INGRES, Jean-Auguste-Dominique
(b. 1780, Montauban, d. 1867, Paris)

The Turkish Bath

1862
Oil on canvas on wood, diameter 108 cm
Musée du Louvre, Paris

Ingres derived the idea of these swarming nudes in the interior of a harem from Lady Mary Wortley Montague's letters (No. XXVI and XLII). She was the wife of the English ambassador to the Sublime Porte; in these two letters she describes baths in the Seraglio, which she was allowed to enter, and Ingres copied extracts from them into his notebook (No. IX), probably in about 1817.

Several of the figures in this canvas have been taken from earlier pictures; others are new. Ingres had not a very ready imagination, and borrowed from both French and English prints of 'turqueries', going back to the eighteenth or even the sixteenth centuries. Copies of these are still to be seen in the archives of his studio in the Musée de Montauban.
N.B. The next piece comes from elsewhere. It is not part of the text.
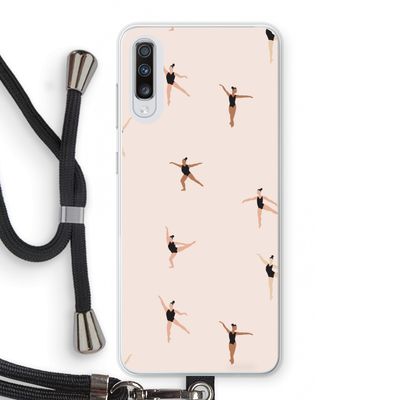 Dancing #1: Samsung Galaxy A70 Transparant Hoesje met koord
This picture has existed in at least two forms. A first sketch, intended for Comte Demidoff, was executed in 1852, but not delivered; it was probably worked on again after this date, and at the end of 1859 it was bought by Prince Napoleon. The appearance of this picture, which at that time was square, is known from a photograph dated 7 October 1859. On the intervention of Princess Clotilde, scandalized by all those nudes, the Prince returned it to Ingres; M. Reiset was entrusted with negotiating its exchange for a portrait of the artist at the age of twenty-four (now in the Musée Condé, Chantilly). Ingres kept the picture for several years, making various changes in it and giving it its final circular form. He signed it in 1862, indicating with pride that it was the work of a man of eighty-two.